M. Coiteux : Non. D'abord,
parce qu'il est nécessaire, pour un État moderne, de connaître la situation, la
quantité de personnes, à quelle fonction sont affectées les personnes dans les
réseaux qui sont totalement financés par l'État, en définitive. C'est
nécessaire d'avoir cette connaissance. Alors, partager l'information à
l'intérieur du secteur public et surtout que le gouvernement ait l'information
en temps réel, c'est juste une demande qui est tout à fait naturelle, normale.
Et on aurait d'ailleurs dû le faire avant, mais là on le fait maintenant. D'accord?

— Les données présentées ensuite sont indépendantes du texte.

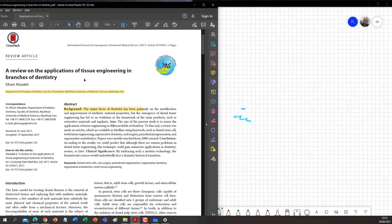Assalamu alaikum. This is basically a review on applications of tissue engineering in branches of dentistry. Before we move on to the branches of dentistry, we need to understand the basic structure of the tooth.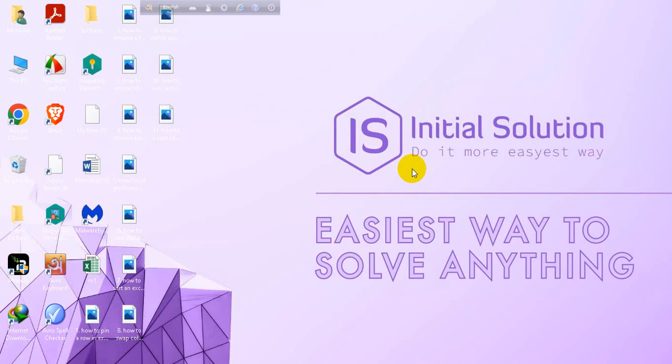Hi everyone, welcome to my channel Initial Solution. In this tutorial, I'm going to show you how to add a footer in Excel.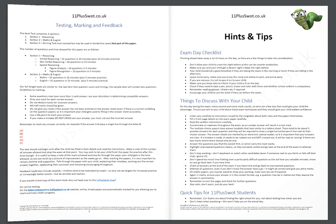The number of questions and time allowed for this paper are as follows. Section 1, Reasoning, comprises three subsections. Verbal Reasoning, 32 questions in 20 minutes plus a 10 minute practice. Nonverbal Reasoning is 30 questions in 15 minutes. Spatial Reasoning, subdivided into two subsections: Figure Analysis, 10 questions in 5 minutes, and Figure Recognition, 10 questions in 5 minutes. Section 2 comprises Maths and English. Maths is 25 questions in 25 minutes with a 5 minute practice. And English is 25 questions in 25 minutes plus a 5 minute practice.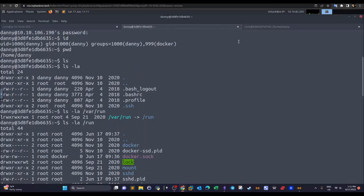Hello on YouTube, welcome back to this video. Today we're going to carry over with Docker container vulnerabilities. We're going to talk about how to escape a Docker container — from a Docker container shell into a root shell or any regular user shell.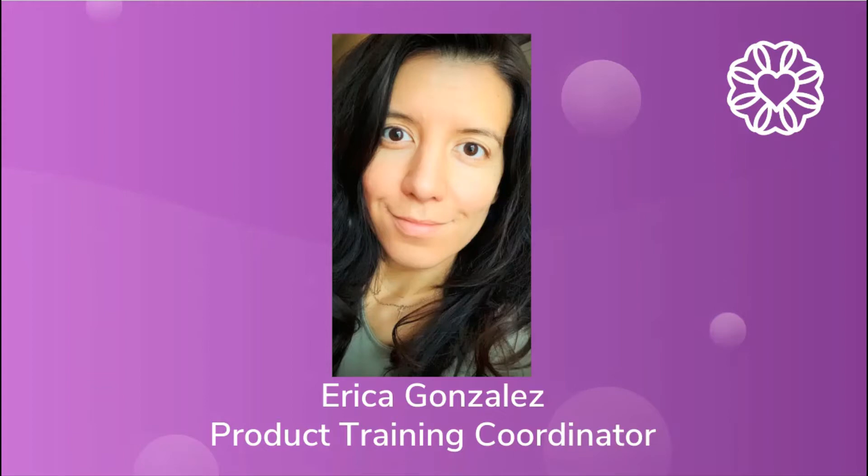Hey everyone, my name is Erika Gonzalez and I am one of the product training coordinators of the product training team here at Wellness Living.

Pour le reste, on vit une période pendant
laquelle, effectivement, on doit tous faire des efforts ensemble pour rétablir
l'équilibre budgétaire, et, dans ces efforts qu'on doit faire ensemble, il faut
éviter une croissance des effectifs qui viendrait compromettre l'atteinte de
l'équilibre budgétaire en 2015‑2016. Et là je crois que tout le monde comprend
que, dans ce contexte-là, on doit faire des efforts particuliers. Il est nécessaire,
bien entendu, d'éviter que des voies de contournement soient prises, parce que
ça pourrait être une possibilité. Alors, on ferme cette possibilité, mais, en
même temps, on rend le dirigeant de l'organisme concerné imputable et
responsable de prendre ses décisions. Ce n'est pas au président du Conseil du
trésor à justifier chaque contrat de service, mais par contre, le dirigeant,
lui, il doit s'assurer qu'il n'est pas en train de contourner les objectifs de
la loi. Je pense que c'est un équilibre qui est approprié.
La Modératrice
: Davide
Gentile, Radio-Canada.
M. Gentile (Davide) : Donc,
si je comprends bien, M. Coiteux, tout ça, ce resserrement-là, qui est global,
ça prend fin en avril 2016. Ou est-ce que la loi continue à s'appliquer quant à
la reddition de comptes, etc., après?
M. Coiteux : Regardez, il est nécessaire
que l'État connaisse la situation et sache exactement combien de personnes
oeuvrent à l'intérieur du secteur public. Ce n'est pas normal qu'on n'ait pas
cette connaissance fine qui est nécessaire à une prise de décision éclairée en
temps réel. Alors, l'un des objectifs de la loi, c'est de nous doter des outils
nécessaires pour avoir cette connaissance fine. Alors, ça, ça va rester toujours.
Maintenant, en ce qui concerne le gel des
effectifs, qui est une disposition prévue dans la loi, elle pourra s'exercer à
l'avenir aussi si c'est nécessaire. Donc, la loi va demeurer. La loi, elle est
permanente. Maintenant, notre intention à court terme, c'est de n'appliquer
cette disposition de la loi, qui consiste à geler les effectifs, uniquement,
pour l'instant, pour la période qui va commencer au 1er janvier 2015 et qui va
se terminer à la fin de l'exercice financier 2015‑2016. Plus tard, si jamais un
jour il devient encore à nouveau nécessaire, pour une période déterminée,
d'effectuer un contrôle des effectifs, on n'aura pas besoin de faire une
nouvelle loi. La loi va nous donner tous les pouvoirs pour le faire.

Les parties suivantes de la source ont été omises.